I hope that someone can help.

We have a 2009 Fiat based Bessacarr E540 that we purchased from our local dealer about six months ago.

Love the vehicle but seem to have two ongoing problems that need resolving.

1.
The bathroom door keeps jamming and is very difficult to open or close. The door frame on the lock side, not the hinge side, seems to twist or bow to such an extent that the door jams tight. The dealer has looked at it and their fitter rectified it but after traveling just a few miles the problem returned. Jacking the vehicle ar odd corners does not appear to ease the problem or make it worse. Does any body know of a permanent fix to overcome this problem?

2.
Before buying the vehicle we noted that the indicator panel above the door indicated a constant battery charge current of 8.7 Amps even with no EHU or a solar panel fitted. Eventually the dealer fitted a new control panel from NORDELETRONICA, and this cured the problem for a few days. The indicator now shows a constant battery charge indication of 24.8 Amps even with no EHU. Any suggestions please?


----------



## Pudsey_Bear (Sep 25, 2008)

Hi and welcome to MHF, cracking user name, had to look that one up ☺☺ I am now better ejakatid.

Not sure about the door, could you post a picture of the problem.


----------



## siggie (Oct 2, 2010)

1. check the fixings of the surrounding walls. I had this problem and it turned out that the small bracket fitting that held the wall to the floor had worked loose. The bottom of the wall had moved very slightly, but enough to cause the door to stick.

2. Are you sure your panel is indicating charge and not current being drawn from the battery?

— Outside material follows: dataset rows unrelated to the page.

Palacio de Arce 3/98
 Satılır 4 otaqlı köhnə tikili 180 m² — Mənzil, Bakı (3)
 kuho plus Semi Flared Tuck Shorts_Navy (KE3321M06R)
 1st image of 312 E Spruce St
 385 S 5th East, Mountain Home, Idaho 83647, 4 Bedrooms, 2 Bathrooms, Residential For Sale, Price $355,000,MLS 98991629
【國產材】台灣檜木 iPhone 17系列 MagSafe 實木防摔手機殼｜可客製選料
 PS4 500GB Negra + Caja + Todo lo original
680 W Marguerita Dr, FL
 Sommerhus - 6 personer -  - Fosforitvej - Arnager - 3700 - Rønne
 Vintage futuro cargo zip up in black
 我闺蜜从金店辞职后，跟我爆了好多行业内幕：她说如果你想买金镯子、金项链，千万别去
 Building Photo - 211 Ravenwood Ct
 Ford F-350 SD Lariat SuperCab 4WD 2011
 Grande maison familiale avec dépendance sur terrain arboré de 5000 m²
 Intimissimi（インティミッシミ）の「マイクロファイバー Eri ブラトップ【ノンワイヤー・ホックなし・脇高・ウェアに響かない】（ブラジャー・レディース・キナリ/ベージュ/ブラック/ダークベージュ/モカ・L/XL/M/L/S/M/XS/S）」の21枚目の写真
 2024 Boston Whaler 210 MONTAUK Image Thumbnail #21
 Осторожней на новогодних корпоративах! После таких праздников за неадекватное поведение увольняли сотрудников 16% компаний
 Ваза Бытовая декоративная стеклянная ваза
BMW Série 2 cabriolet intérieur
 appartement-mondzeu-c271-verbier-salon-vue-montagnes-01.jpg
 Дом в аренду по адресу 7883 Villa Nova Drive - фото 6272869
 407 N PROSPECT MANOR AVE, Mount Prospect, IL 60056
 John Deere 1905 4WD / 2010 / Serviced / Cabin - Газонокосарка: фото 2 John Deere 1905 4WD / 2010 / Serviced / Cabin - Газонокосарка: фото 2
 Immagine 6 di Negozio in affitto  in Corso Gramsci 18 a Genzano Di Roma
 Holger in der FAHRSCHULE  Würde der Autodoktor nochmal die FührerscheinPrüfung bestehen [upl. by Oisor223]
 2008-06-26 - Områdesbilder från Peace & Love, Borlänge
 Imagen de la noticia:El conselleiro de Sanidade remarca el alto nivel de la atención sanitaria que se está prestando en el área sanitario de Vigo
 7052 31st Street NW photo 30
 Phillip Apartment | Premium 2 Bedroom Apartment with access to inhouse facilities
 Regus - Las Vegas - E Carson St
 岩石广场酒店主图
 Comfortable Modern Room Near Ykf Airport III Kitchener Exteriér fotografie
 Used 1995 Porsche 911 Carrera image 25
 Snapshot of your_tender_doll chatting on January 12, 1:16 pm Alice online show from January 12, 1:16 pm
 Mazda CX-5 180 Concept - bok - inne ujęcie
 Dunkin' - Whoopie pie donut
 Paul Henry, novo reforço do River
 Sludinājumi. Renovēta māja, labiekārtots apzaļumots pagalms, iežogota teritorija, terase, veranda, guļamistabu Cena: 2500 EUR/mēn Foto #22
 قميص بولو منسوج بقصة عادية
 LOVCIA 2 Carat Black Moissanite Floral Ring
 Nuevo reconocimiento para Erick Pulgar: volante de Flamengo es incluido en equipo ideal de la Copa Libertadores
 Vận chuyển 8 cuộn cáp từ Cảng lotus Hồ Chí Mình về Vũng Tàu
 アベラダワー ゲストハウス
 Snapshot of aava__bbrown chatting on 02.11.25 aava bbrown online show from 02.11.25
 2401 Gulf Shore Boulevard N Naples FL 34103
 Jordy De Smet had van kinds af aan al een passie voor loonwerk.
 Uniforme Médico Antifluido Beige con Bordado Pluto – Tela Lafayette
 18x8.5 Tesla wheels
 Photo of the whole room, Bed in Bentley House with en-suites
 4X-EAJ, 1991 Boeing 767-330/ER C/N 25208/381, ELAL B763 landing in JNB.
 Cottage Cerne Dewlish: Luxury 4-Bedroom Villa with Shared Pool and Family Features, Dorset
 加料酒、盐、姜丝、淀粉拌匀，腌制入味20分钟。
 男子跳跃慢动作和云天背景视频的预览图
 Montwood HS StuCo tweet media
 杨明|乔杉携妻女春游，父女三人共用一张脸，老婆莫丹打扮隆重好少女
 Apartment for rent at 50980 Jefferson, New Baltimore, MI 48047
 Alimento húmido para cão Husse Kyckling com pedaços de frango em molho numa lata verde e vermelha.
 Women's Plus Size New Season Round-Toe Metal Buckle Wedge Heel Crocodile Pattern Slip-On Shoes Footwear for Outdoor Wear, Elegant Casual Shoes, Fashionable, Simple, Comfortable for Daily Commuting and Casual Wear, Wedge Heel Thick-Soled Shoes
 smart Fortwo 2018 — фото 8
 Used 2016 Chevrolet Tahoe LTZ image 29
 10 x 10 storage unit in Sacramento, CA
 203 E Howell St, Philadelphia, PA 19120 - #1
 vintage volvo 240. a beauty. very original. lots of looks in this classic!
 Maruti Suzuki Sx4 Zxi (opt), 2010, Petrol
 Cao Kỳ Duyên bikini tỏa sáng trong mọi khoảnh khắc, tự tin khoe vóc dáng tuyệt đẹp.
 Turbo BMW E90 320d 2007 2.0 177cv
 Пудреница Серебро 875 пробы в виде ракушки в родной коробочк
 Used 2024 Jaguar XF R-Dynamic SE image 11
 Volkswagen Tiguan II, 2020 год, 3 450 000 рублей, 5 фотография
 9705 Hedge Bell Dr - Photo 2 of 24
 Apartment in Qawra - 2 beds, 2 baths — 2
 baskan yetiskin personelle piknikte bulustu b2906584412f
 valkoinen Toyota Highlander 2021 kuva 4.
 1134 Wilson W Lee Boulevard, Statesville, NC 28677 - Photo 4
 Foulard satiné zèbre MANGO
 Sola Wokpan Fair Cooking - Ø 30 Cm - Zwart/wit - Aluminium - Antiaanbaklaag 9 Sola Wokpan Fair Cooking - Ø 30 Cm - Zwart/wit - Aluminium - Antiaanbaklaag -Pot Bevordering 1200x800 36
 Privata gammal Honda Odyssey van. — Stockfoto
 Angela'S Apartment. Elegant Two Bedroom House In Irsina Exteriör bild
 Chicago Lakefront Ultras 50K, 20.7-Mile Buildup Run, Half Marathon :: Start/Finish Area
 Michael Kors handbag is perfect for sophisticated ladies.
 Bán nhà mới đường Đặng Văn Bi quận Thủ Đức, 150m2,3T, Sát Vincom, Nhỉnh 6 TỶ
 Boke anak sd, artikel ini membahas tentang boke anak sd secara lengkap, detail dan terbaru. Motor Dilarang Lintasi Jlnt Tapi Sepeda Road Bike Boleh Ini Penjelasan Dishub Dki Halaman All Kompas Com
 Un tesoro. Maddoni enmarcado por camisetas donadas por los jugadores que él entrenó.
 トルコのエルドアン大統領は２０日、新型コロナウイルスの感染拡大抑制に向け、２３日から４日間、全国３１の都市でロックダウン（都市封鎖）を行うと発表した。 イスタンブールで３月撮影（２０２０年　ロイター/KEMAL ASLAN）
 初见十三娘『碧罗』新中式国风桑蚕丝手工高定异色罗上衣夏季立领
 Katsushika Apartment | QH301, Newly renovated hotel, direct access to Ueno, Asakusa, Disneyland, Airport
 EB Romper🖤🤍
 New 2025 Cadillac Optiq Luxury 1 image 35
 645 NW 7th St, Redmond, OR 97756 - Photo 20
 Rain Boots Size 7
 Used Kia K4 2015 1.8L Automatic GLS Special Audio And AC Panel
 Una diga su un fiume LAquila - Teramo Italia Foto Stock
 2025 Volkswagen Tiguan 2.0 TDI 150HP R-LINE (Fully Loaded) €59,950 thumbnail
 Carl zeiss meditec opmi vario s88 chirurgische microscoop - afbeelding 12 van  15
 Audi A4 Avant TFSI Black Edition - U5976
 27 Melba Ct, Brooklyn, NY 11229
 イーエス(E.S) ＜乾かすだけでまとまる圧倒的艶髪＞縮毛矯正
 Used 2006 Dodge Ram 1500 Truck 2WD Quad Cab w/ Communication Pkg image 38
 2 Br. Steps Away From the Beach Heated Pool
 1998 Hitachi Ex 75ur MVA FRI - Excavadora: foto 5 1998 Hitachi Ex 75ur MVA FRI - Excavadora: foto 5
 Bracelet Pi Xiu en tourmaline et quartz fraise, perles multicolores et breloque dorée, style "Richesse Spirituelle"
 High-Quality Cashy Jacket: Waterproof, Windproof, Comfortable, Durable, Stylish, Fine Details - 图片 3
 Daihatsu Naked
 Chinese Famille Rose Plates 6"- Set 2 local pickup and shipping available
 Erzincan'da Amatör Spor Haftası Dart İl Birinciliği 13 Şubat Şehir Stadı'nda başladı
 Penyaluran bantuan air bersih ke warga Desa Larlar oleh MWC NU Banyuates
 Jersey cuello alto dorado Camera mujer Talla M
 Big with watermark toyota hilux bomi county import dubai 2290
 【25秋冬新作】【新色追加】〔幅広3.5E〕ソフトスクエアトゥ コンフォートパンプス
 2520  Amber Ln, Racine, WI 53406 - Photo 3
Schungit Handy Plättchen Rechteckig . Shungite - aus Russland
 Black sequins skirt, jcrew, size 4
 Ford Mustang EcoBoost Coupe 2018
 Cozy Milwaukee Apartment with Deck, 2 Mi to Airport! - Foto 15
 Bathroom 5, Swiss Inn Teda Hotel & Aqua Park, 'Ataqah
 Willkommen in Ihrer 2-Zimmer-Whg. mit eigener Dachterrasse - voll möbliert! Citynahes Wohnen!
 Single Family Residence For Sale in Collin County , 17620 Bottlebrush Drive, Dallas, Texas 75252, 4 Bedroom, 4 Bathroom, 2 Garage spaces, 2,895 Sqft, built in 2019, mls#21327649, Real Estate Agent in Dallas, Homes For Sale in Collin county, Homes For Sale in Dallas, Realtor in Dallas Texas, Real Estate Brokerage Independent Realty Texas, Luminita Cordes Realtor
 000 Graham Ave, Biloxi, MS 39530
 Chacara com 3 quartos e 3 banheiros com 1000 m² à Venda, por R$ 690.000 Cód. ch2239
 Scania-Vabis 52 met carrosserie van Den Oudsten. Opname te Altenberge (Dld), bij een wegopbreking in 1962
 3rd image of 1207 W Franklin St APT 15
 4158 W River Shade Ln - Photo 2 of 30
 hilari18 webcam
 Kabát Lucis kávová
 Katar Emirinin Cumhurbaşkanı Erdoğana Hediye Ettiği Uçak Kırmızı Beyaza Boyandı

Finally, with a Bessacarr/Swift from around 2007-2009 make sure you keep a regular look out for damp problems in the floor. From 2009-2014 the problem was 'fixed' and from 2015 the new construction materials should have eliminated the problem altogether. I know you say you have a 2009 van but it may be a 2008 build that was not registered until 2009.


----------



## philoaks (Sep 2, 2008)

We had a 2007 Swift Bolero 630EW some years back (which is basically the same van as yours). We also had problems with the bathroom door and after a failed attempt by the dealer to rectify the problem I ended up dismantling the frame on the lock side and planing it down.

I can't exactly remember what I planed, whether it was the frame part itself or the panel that it mounts to (or a bit off both) but I do remember that it was fine afterwards. Doors mounted across the width of a van seem to be plagued with problems caused by the flexing of the van as it moves. Our current van has an end bathroom and the door on that can also suffer dependent on the weather and squareness when parked up.


----------